The behaviour of simd_split is virtually identical to that of ranges::views::chunk and ranges::chunk_view. They take a view and a number n and produce a range of views (the chunks) of the original view, such that each chunk, except maybe the last one, has the size n.

In contrast, ranges::views::split has a different behaviour to the similarly named simd_split. The ranges version of split takes an input range and a delimiter value, and generates a range of views split on the delimiter. For example, the string "This,is,a,list", when split by the comma value would generate a range containing 4 views: "This", "is", "a", "list".

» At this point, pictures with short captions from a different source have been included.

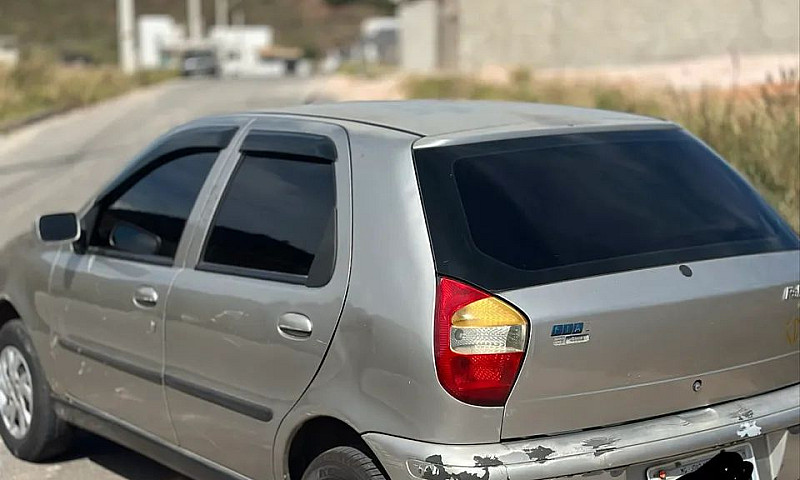 Fiat Palio 1.0/ Trof...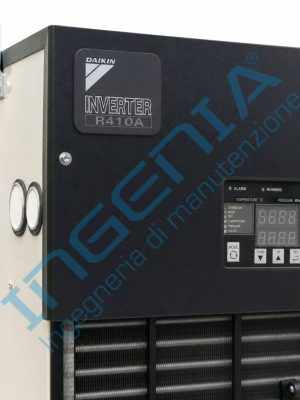 DAIKIN AKZ14A-C Oil Chiller 1.3/1.4 kW
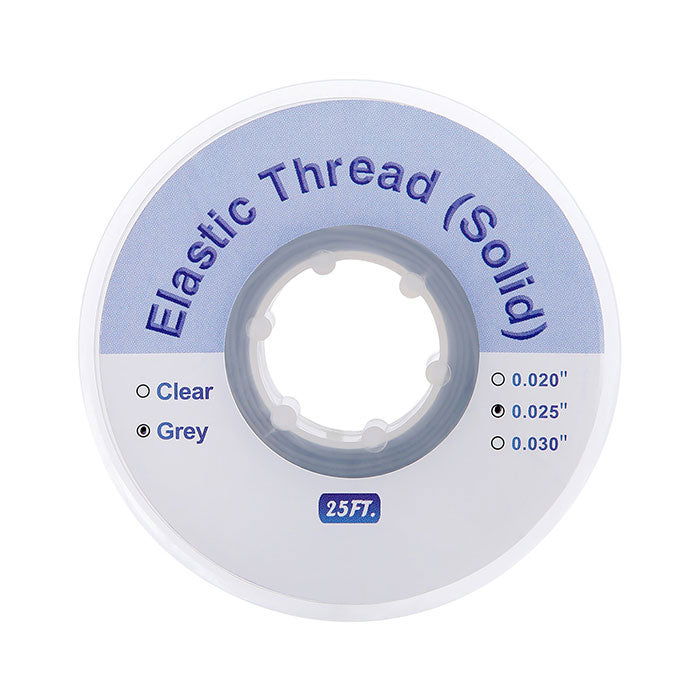 Dental Ortho Elastic Thread Traction Ligature Power Tube Orthodontic S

We propose that the simd_split function is renamed to simd_chunk to make its behavior consistant with the existing range/view counterparts. We did not consider any alternative names since they would introduce yet another name for a behavior that already exists and the intent is to allow the behavior of the existing term chunk to be reused in the context of simd.

A common use case for simd_split/simd_chunk is to break a larger basic_simd object into smaller native-sized pieces to call target-specific intrinsics, as illustrated in the first example in this paper. For that use-case the behaviour of simd_chunk is sufficient, but another common use case is where an algorithm requires that a basic_simd be broken down into pieces of a particular size. Only the size is of interest, not other details such as the ABI. With the current behavior the user would have to store the size inside a special type created just for that purpose, but it would be more convenient to provide overloads which take the size directly. The difference is illustrated here:

As existing	With new overloads
constexpr int ChunkSize = ...; simd<float, 19> x; // Create a simd type purely as a vehicle to // to pass around `ChunkSize`. using ChunkType = resize_simd_t<ChunkSize, simd<float, 19>>; auto t = simd_chunk<ChunkType>(x);	constexpr int ChunkSize = ...; simd<float, 19> x; // Use the ChunkSize directly. auto t = simd_chunk<ChunkSize>(x);

As existing

With new overloads

constexpr int ChunkSize = ...;
simd<float, 19> x;

// Create a simd type purely as a vehicle to
// to pass around `ChunkSize`.
using ChunkType =
  resize_simd_t<ChunkSize, simd<float, 19>>;

auto t = simd_chunk<ChunkType>(x);

constexpr int ChunkSize = ...;
simd<float, 19> x;

// Use the ChunkSize directly.
auto t = simd_chunk<ChunkSize>(x);

The overloaded version allows the user to directly use the size without having to convert to a chunk-type as a vehicle to convey the size indirectly. Allowing the size to be used directly allows the code to be simpler and more obvious.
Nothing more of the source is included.